# Exercise
Set down word for word each line from the one containing "CHEVROLET EQUINOX 2015 2gnalaek9f6399168" through the end of the records, both included. Do not copy any pictures.

*-*-*

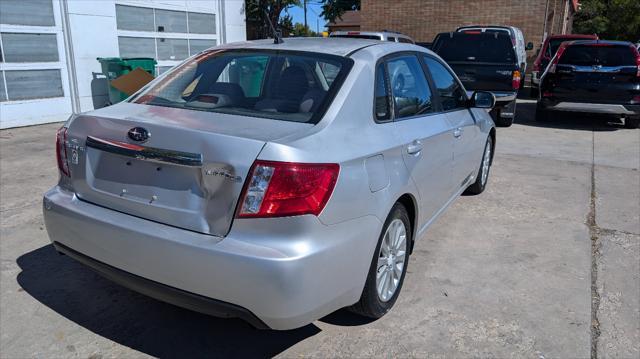 2009 subaru impreza 2.5 i premium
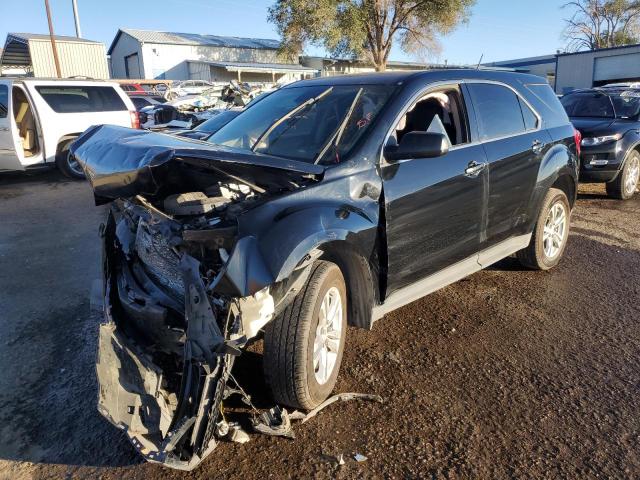 CHEVROLET EQUINOX 2015 2gnalaek9f6399168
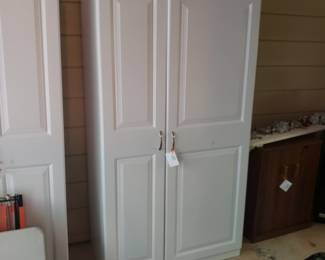 Storage cabinet we have 2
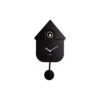 Modern Cuckoo Clock - Black -Home Decor Store modern cuckoo clock black p4502 102413 image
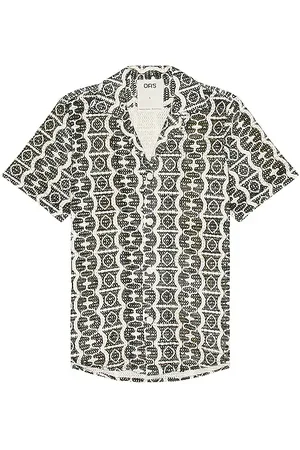 Oas Camisa en color talla M en - Black. Talla M (también en L, S, XL/1X).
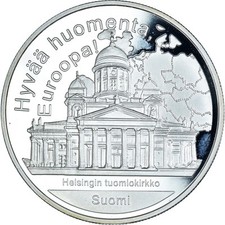 869134 coin finland d'occasion  Lille-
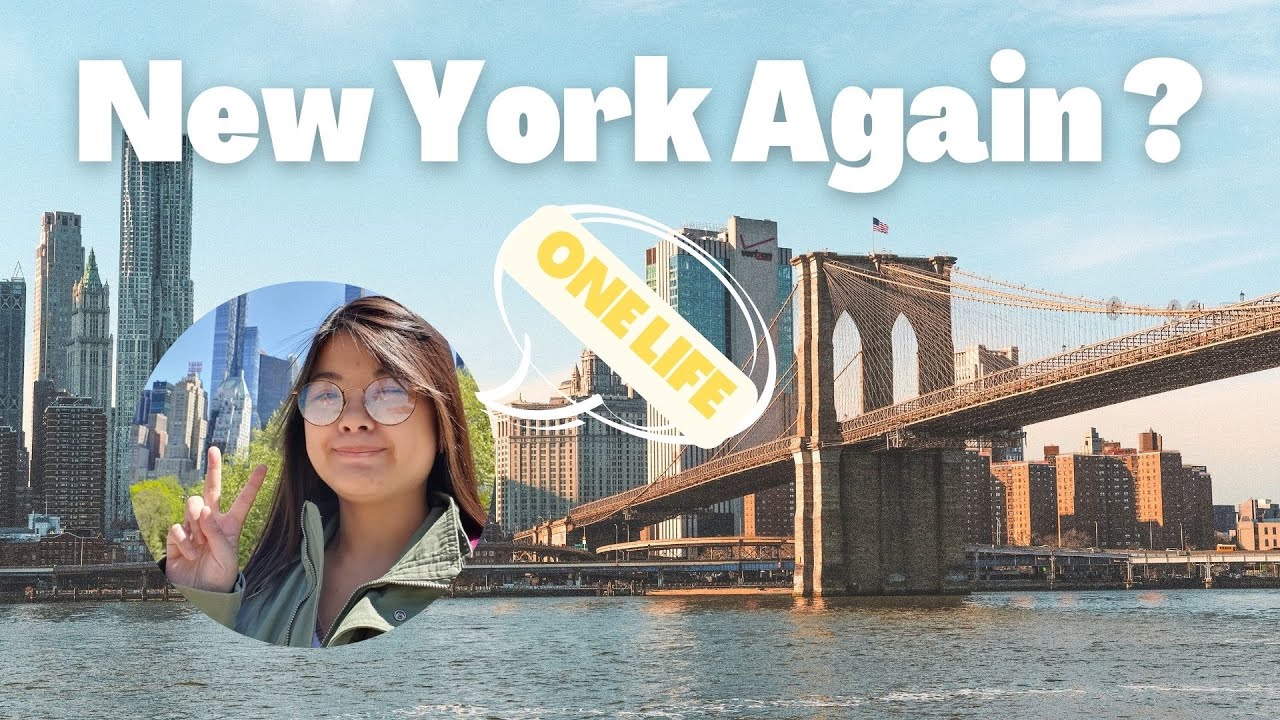 Le retour des gros à NYC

*-*-*

# Task output
 CHEVROLET EQUINOX 2015 2gnalaek9f6399168
 Storage cabinet we have 2
 Modern Cuckoo Clock - Black -Home Decor Store modern cuckoo clock black p4502 102413 image
 Oas Camisa en color talla M en - Black. Talla M (también en L, S, XL/1X).
 869134 coin finland d'occasion  Lille-
 Le retour des gros à NYC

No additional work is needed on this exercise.